Réunies pour la première fois dans un volume qui en propose une édition critique, ces trois pièces témoignent diversement de la vogue des contes de fées en France, vogue dont le point d’orgue est, en 1697, l’édition du recueil de Contes de Charles Perrault.

Les pièces de Dufresny et Barante d’une part, celle de Dancourt d’autre part, sont-elles, comme leur titre le laisse supposer, des versions dramatisées du conte de Perrault intitulé Les Fées ? Aucunement. Ni l’une ni l’autre ne puise à cette source pourtant toute désignée et, malgré quelque ressemblance avec le conte de Madame d'Aulnoy La Biche au bois (conte alors inédit mais vraisemblablement connu par la tradition orale avant son édition), leur imprégnation " féerique " est loin d’être exclusive.

La comédie donnée chez les Italiens porte manifestement la marque d’un opéra créé quelques mois plus tôt à l’Académie royale de Musique, Méduse, sur un livret de l’abbé Boyer et une musique de Gervais. Les Italiens sont coutumiers de ces emprunts au répertoire lyrique agrémenté à leur sauce satirique, pour le plus grand plaisir du public.

La comédie jouée au Théâtre Français présente, de son côté, des résonances multiples avec Les Aventures de Télémaque de Fénelon dont le manuscrit avait circulé avec bruit bien avant sa publication en avril 1699. Dans la lignée du précepteur des fils du Grand Dauphin, Dancourt, le dramaturge comédien, investit curieusement son ouvrage de vertus pédagogiques propres à séduire l’auditoire de la Cour de Fontainebleau, au nombre duquel figurent justement le soir de la première représentation Monseigneur et ses fils.

Si la comédie de Dufresny et Barante manifeste avec bonheur une invention débridée et loufoque qu’autorise le merveilleux, celle de Dancourt exploite, sagement au premier abord, les effets d’une mode littéraire. Mais à y regarder de plus près, sa pièce comporte quelques singularités dignes d’attention.

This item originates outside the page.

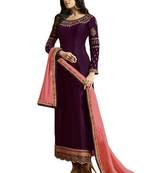 purple embroidered satin unstitched salwar with dupatta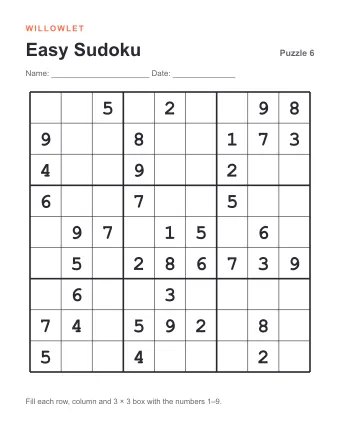 Preview of Easy Printable Sudoku: Puzzle 6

Plus tardive, la comédie La Fée Bienfaisante jouée à Grenoble par la troupe de l’Opéra de Lyon affiche, quant à elle, dès les premières répliques, sa parenté avec le roman de Lesage Le Diable boiteux, dont le succès, depuis sa publication un an auparavant (en 1707), alimente la chronique littéraire parisienne. Le chevalier de La Baume, signataire de l’épître dédicatoire qui accompagne cette petite œuvre brochée à la hâte, et publiée sous l’anonymat, en est-il réellement l’auteur ? Aucune source locale ne l’atteste, mais nos recherches nous laissent penser que, à l’instar de la comédie Les Plaisirs de la Tronche jouée à Grenoble trois ans plus tard (en 1711), et attribuée jusqu’à ce jour à un certain Ch. De La B. (en fait notre Chevalier de La Baume et non le " Chevalier de La Barre " à tort signalé par les bibliographes jusqu’à présent), La Fée Bienfaisante est l’œuvre d’un dramaturge chevronné qui aurait, dans cette hypothèse, prêté sa plume à un aristocrate grenoblois désireux d’offrir, sous son nom, un divertissement à son cercle. L’écrivain Nicolas Barbier, bien connu du public lyonnais et du public dauphinois, pourrait ainsi être l’auteur de La Fée Bienfaisante, tandis que la pièce Les Plaisirs de La Tronche, à forte coloration " italienne ", pourrait revenir à Pierre-François Biancolelli, dramaturge, lui-même comédien et chef de la troupe qui l’a interprétée à Grenoble. Bien que les enjeux de La Fée Bienfaisante ne dépassent guère l’étroite communauté provinciale devant laquelle elle a été représentée, sa facture et son intrigue dégagent un charme indéniable, qui opère par-delà les siècles.

Il n’est pas interdit au lecteur de ces trois pièces, dont seule la trace écrite perdure, de prendre encore du plaisir à les découvrir. À charge pour lui d’imaginer de quels effets spectaculaires de mise en scène, de quels costumes aussi fantaisistes que somptueux, et de quels décors enchanteurs elles ont tour à tour été parées pour fasciner un public qui, encore tout ébaubi par les descriptions féeriques dont l’avaient régalé Madame d’Aulnoye et Charles Perrault, était prêt à se laisser bercer par les plus stupéfiantes chimères dramatiques.